Here are some notes from an IRC conversation we had some time ago (LukasLalinsky, Jugdish and BrianFreud). But I can't remember some details, and somehow find it on chatlogs, so it's possible that something is incorrect. (If somebody can find the IRC log, please add the link here.) -- 147.251.51.78 16:04, 02 October 2007 (UTC)

  • I don't have the IRC reference, but I've filled in some of the rest from those same conversations, and a few of the relevant details as to how Masters would fit into a structure with the rest of the similar concepts we discussed at the same time (Work and Session). -- BrianSchweitzer 15:53, 08 September 2008 (UTC)
  • Adding new album will always add new master entities - a prompt system could be implemented to try to automate then merging those new Masters into existing ones (based on title + artist + length) to help avoid large numbers of obviously identical Masters being created, but those mergings should be separate voted edits, to avoid accidental merging of non-identical Masters.
  • ? Significant change to track title will automatically detach the track from the current master (if more than one track is attached to it)
    • Some rare tracks may need support, however, for being the same Master, yet with a different name for a specific instance of that Master. (See Nirvana "Rape Me" / "Waif Me")
  • Masters have no explicit titles, everything is derived from attached tracks. (Does this contradict the above item?)
  • It will be possible to merge masters.
  • It will be possible to split some tracks of a master.
  • The release editor can be used only to edit tracks, not masters or track<->master associations.
  • There are no track ARs, adding an AR to track will transparently add it to the master. (Any case where a track could be argued to have a

different AR than is common to all others for the same Master is an argument that that case should be a new and separate Master for the same track.)

  • Masters should be able to have ARs linking chains of Masters (as well as Master - Work ARs), to handle the cover, remaster, and similar ARs that currently are track - track.
  • PUIDs are attached to masters. (theoretically, no two masters should share the same PUID)
  • ? Durations are attached to masters, not tracks.
    • Theory was that any Master represents a specific master with a given time (+ or - 5 seconds, due to unavoidable CD mastering issues), so any master with more than a 5 second time difference represented a new Master, by default. (This is also the reasoning behind the above comment regarding PUIDs.) This would allow us to:
      • fill in ?:?? times in an automated way
      • keep consistent times for instances of a Master
      • detect and avoid having 2+ Masters with time differences greater than 5 seconds being accidentally merged as a single Master
  • A theoretical level, proposed for implementation either at the same time, or after, the implementation of track masters, suggests "Session" as a level between Work and Master.
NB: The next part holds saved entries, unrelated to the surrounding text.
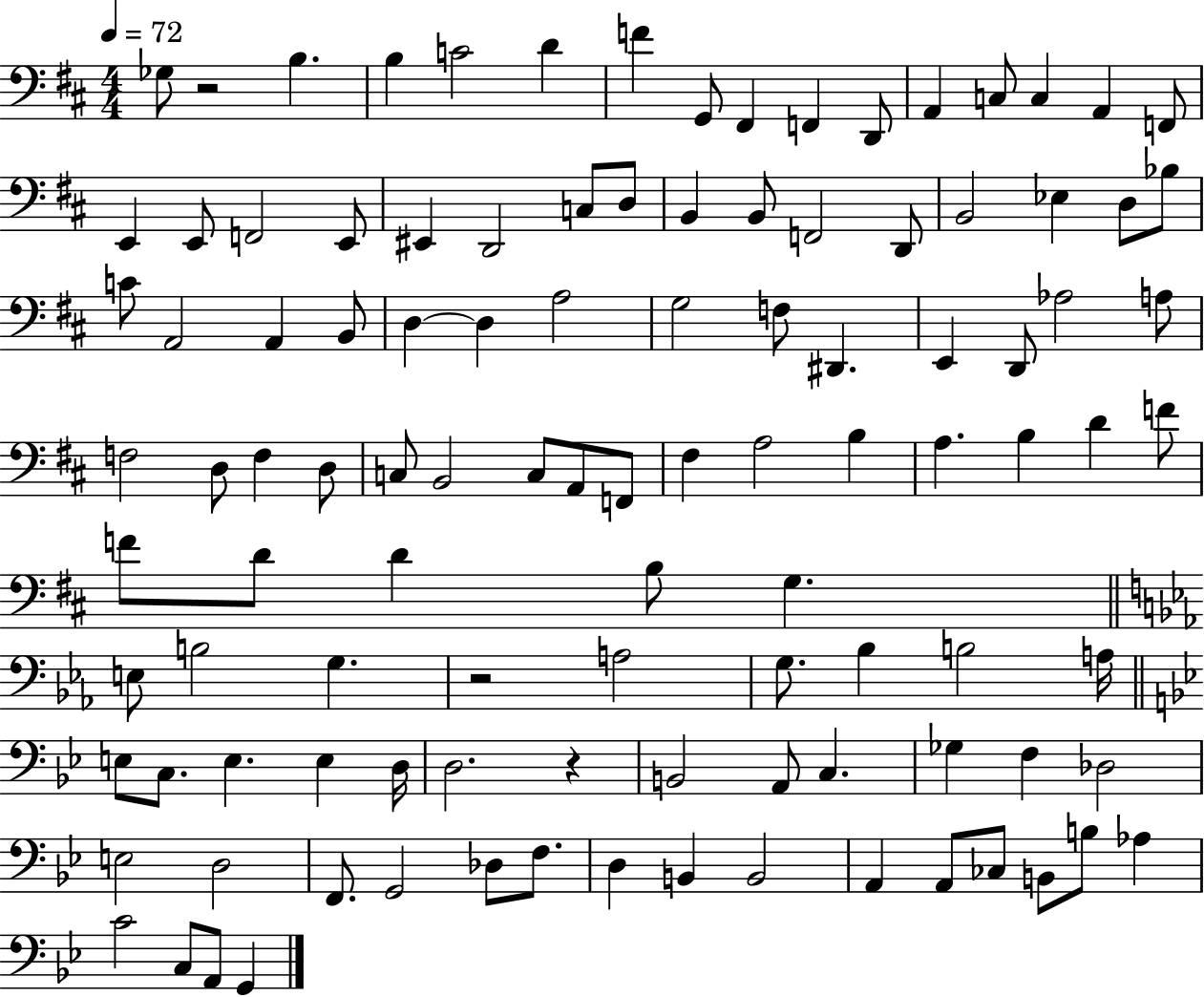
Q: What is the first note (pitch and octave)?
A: Gb3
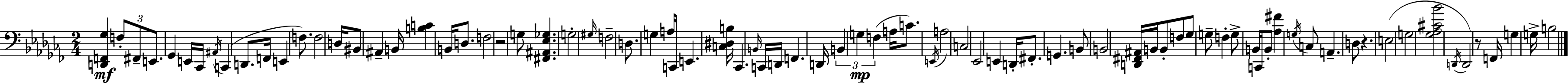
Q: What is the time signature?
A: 2/4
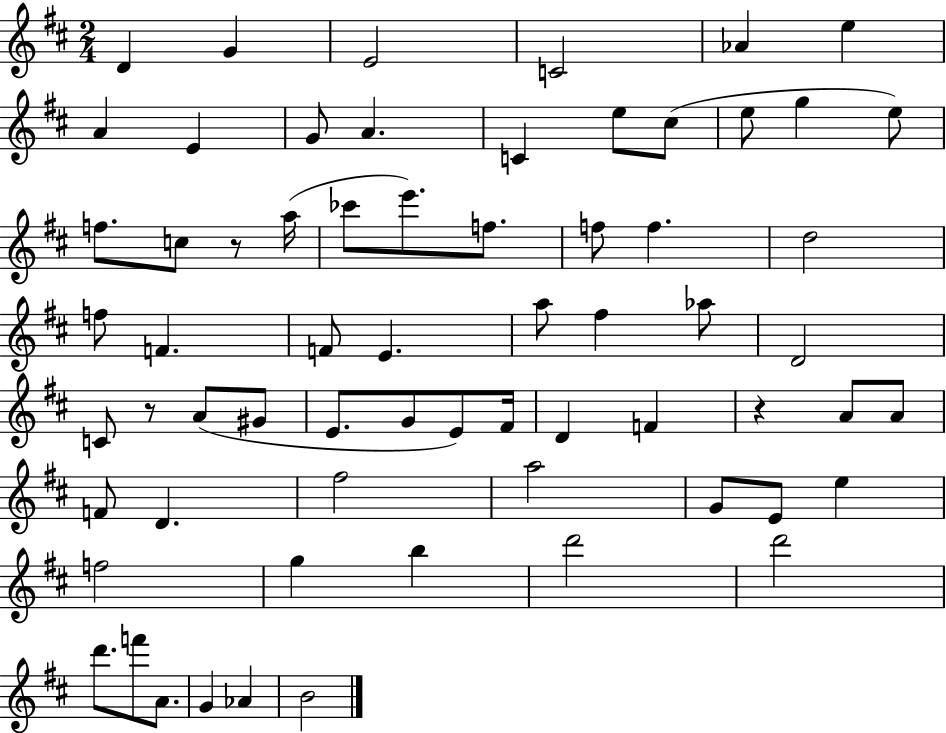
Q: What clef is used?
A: treble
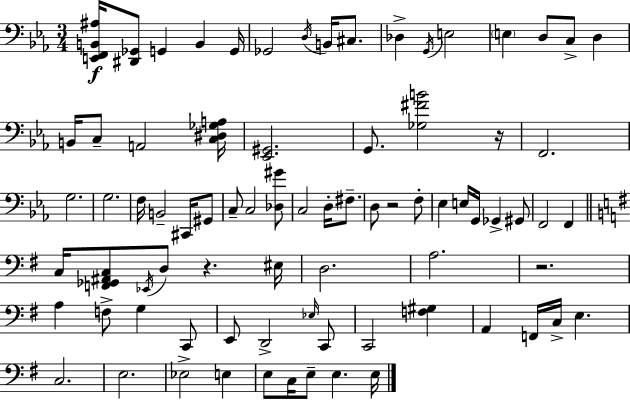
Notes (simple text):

[E2,F2,B2,A#3]/s [D#2,Gb2]/e G2/q B2/q G2/s Gb2/h D3/s B2/s C#3/e. Db3/q G2/s E3/h E3/q D3/e C3/e D3/q B2/s C3/e A2/h [C3,D#3,Gb3,A3]/s [Eb2,G#2]/h. G2/e. [Gb3,F#4,B4]/h R/s F2/h. G3/h. G3/h. F3/s B2/h C#2/s G#2/e C3/e C3/h [Db3,G#4]/e C3/h D3/s F#3/e. D3/e R/h F3/e Eb3/q E3/s G2/s Gb2/q G#2/e F2/h F2/q C3/s [F2,Gb2,A#2,C3]/e Eb2/s D3/e R/q. EIS3/s D3/h. A3/h. R/h. A3/q F3/e G3/q C2/e E2/e D2/h Eb3/s C2/e C2/h [F3,G#3]/q A2/q F2/s C3/s E3/q. C3/h. E3/h. Eb3/h E3/q E3/e C3/s E3/e E3/q. E3/s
Sessions would represent the singular unique performance of a Work, whereas Masters be singular unique mixes and masterings of a Session.
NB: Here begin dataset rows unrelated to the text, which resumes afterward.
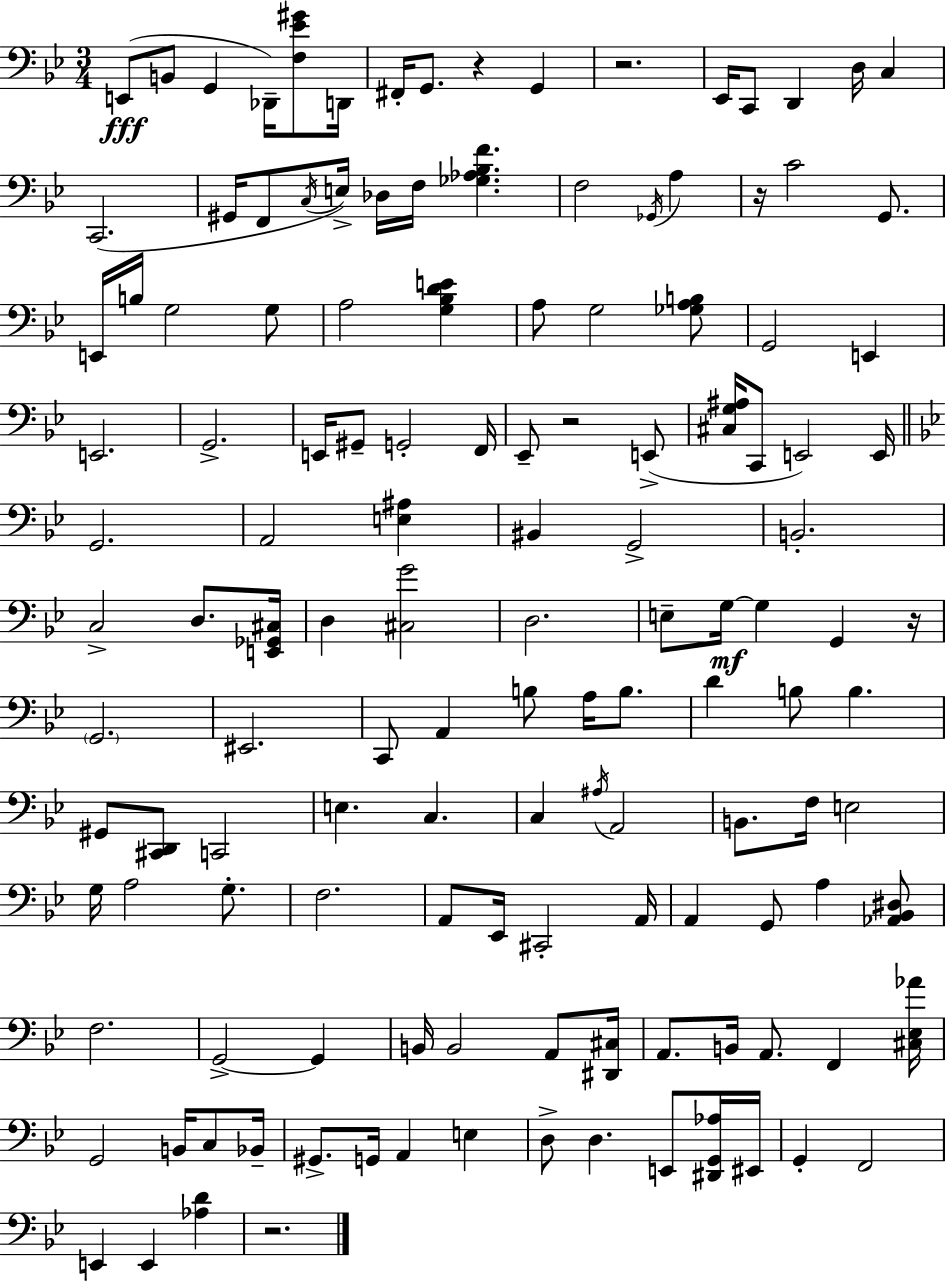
X:1
T:Untitled
M:3/4
L:1/4
K:Bb
E,,/2 B,,/2 G,, _D,,/4 [F,_E^G]/2 D,,/4 ^F,,/4 G,,/2 z G,, z2 _E,,/4 C,,/2 D,, D,/4 C, C,,2 ^G,,/4 F,,/2 C,/4 E,/4 _D,/4 F,/4 [_G,_A,_B,F] F,2 _G,,/4 A, z/4 C2 G,,/2 E,,/4 B,/4 G,2 G,/2 A,2 [G,_B,DE] A,/2 G,2 [_G,A,B,]/2 G,,2 E,, E,,2 G,,2 E,,/4 ^G,,/2 G,,2 F,,/4 _E,,/2 z2 E,,/2 [^C,G,^A,]/4 C,,/2 E,,2 E,,/4 G,,2 A,,2 [E,^A,] ^B,, G,,2 B,,2 C,2 D,/2 [E,,_G,,^C,]/4 D, [^C,G]2 D,2 E,/2 G,/4 G, G,, z/4 G,,2 ^E,,2 C,,/2 A,, B,/2 A,/4 B,/2 D B,/2 B, ^G,,/2 [^C,,D,,]/2 C,,2 E, C, C, ^A,/4 A,,2 B,,/2 F,/4 E,2 G,/4 A,2 G,/2 F,2 A,,/2 _E,,/4 ^C,,2 A,,/4 A,, G,,/2 A, [_A,,_B,,^D,]/2 F,2 G,,2 G,, B,,/4 B,,2 A,,/2 [^D,,^C,]/4 A,,/2 B,,/4 A,,/2 F,, [^C,_E,_A]/4 G,,2 B,,/4 C,/2 _B,,/4 ^G,,/2 G,,/4 A,, E, D,/2 D, E,,/2 [^D,,G,,_A,]/4 ^E,,/4 G,, F,,2 E,, E,, [_A,D] z2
    • Work > Session > Master > Track
      • (compositional data) > (performance data) > (mix/mastering data) > (no AR data, but represents the track instance on a real world actual release (aka LP, CD, tape, etc)).
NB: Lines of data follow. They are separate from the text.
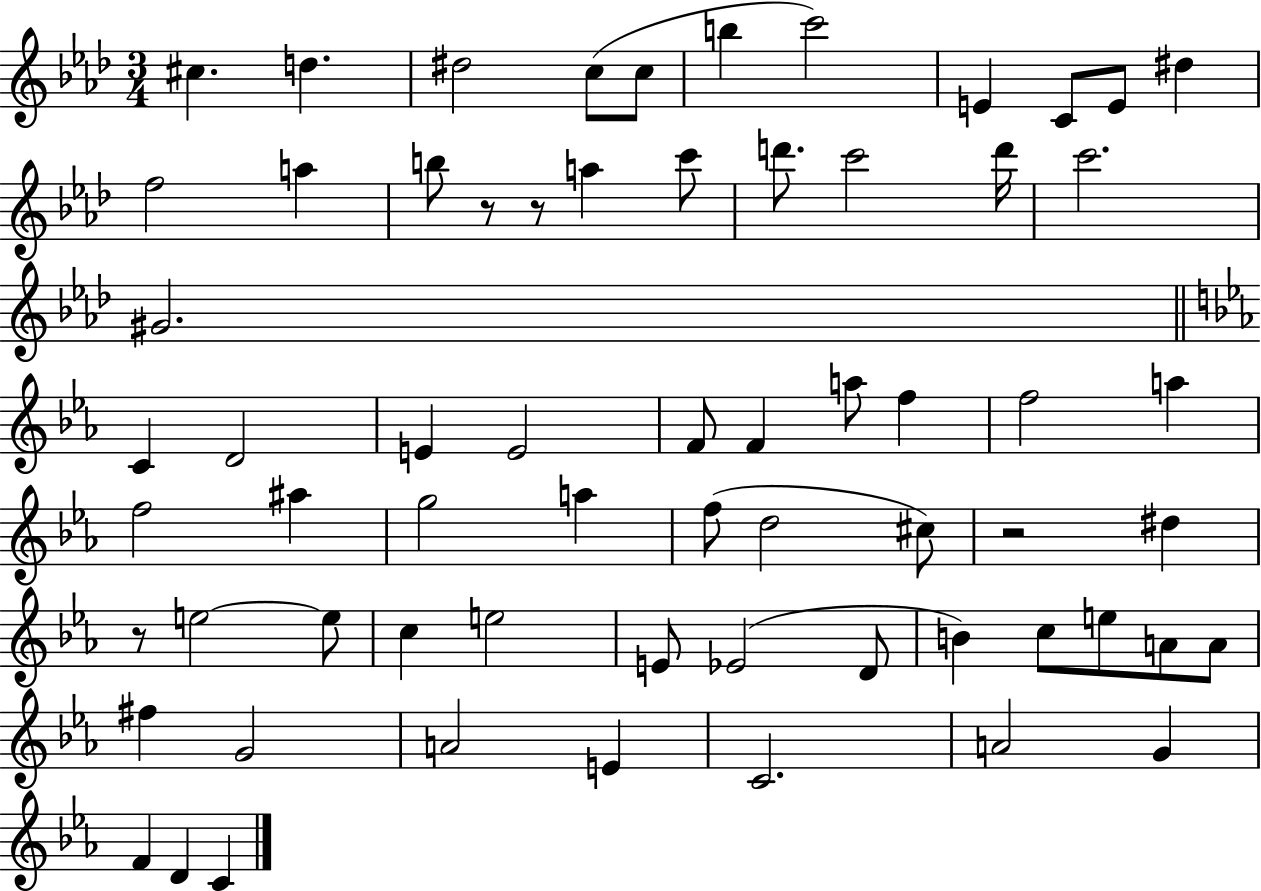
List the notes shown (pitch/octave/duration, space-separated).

C#5/q. D5/q. D#5/h C5/e C5/e B5/q C6/h E4/q C4/e E4/e D#5/q F5/h A5/q B5/e R/e R/e A5/q C6/e D6/e. C6/h D6/s C6/h. G#4/h. C4/q D4/h E4/q E4/h F4/e F4/q A5/e F5/q F5/h A5/q F5/h A#5/q G5/h A5/q F5/e D5/h C#5/e R/h D#5/q R/e E5/h E5/e C5/q E5/h E4/e Eb4/h D4/e B4/q C5/e E5/e A4/e A4/e F#5/q G4/h A4/h E4/q C4/h. A4/h G4/q F4/q D4/q C4/q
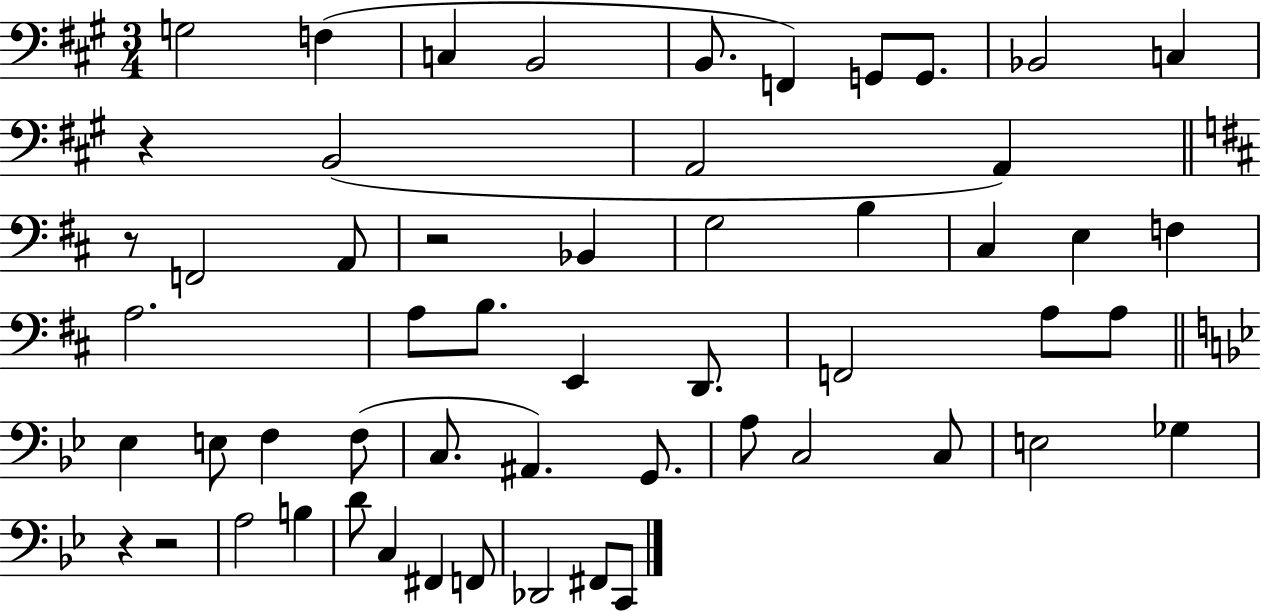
X:1
T:Untitled
M:3/4
L:1/4
K:A
G,2 F, C, B,,2 B,,/2 F,, G,,/2 G,,/2 _B,,2 C, z B,,2 A,,2 A,, z/2 F,,2 A,,/2 z2 _B,, G,2 B, ^C, E, F, A,2 A,/2 B,/2 E,, D,,/2 F,,2 A,/2 A,/2 _E, E,/2 F, F,/2 C,/2 ^A,, G,,/2 A,/2 C,2 C,/2 E,2 _G, z z2 A,2 B, D/2 C, ^F,, F,,/2 _D,,2 ^F,,/2 C,,/2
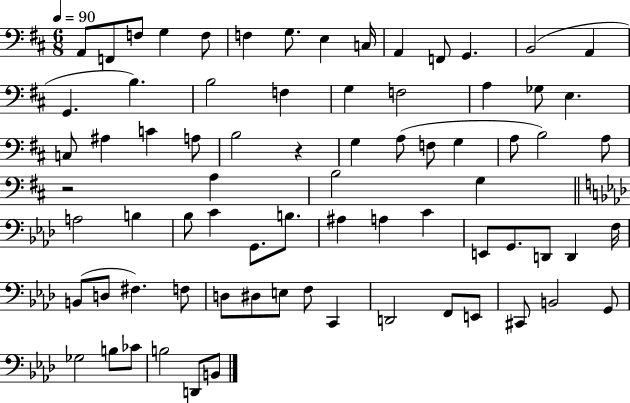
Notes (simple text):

A2/e F2/e F3/e G3/q F3/e F3/q G3/e. E3/q C3/s A2/q F2/e G2/q. B2/h A2/q G2/q. B3/q. B3/h F3/q G3/q F3/h A3/q Gb3/e E3/q. C3/e A#3/q C4/q A3/e B3/h R/q G3/q A3/e F3/e G3/q A3/e B3/h A3/e R/h A3/q B3/h G3/q A3/h B3/q Bb3/e C4/q G2/e. B3/e. A#3/q A3/q C4/q E2/e G2/e. D2/e D2/q F3/s B2/e D3/e F#3/q. F3/e D3/e D#3/e E3/e F3/e C2/q D2/h F2/e E2/e C#2/e B2/h G2/e Gb3/h B3/e CES4/e B3/h D2/e B2/e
    • ARs for each level should inherently be inheritable from the above level; example: a track instance inherits composer AR data from the work, recording engineer AR data from the Session, and mastering engineer data from the Master. Any possible case where some such AR data is untrue represents not a flaw in the inheritance structure, but by definition (that all data about any such object should apply to all linked child elements of that object) indicates a Work, Session, or Master which has been mis-merged, and is in need of being split out such that the AR data inherited to the track level is no longer untrue.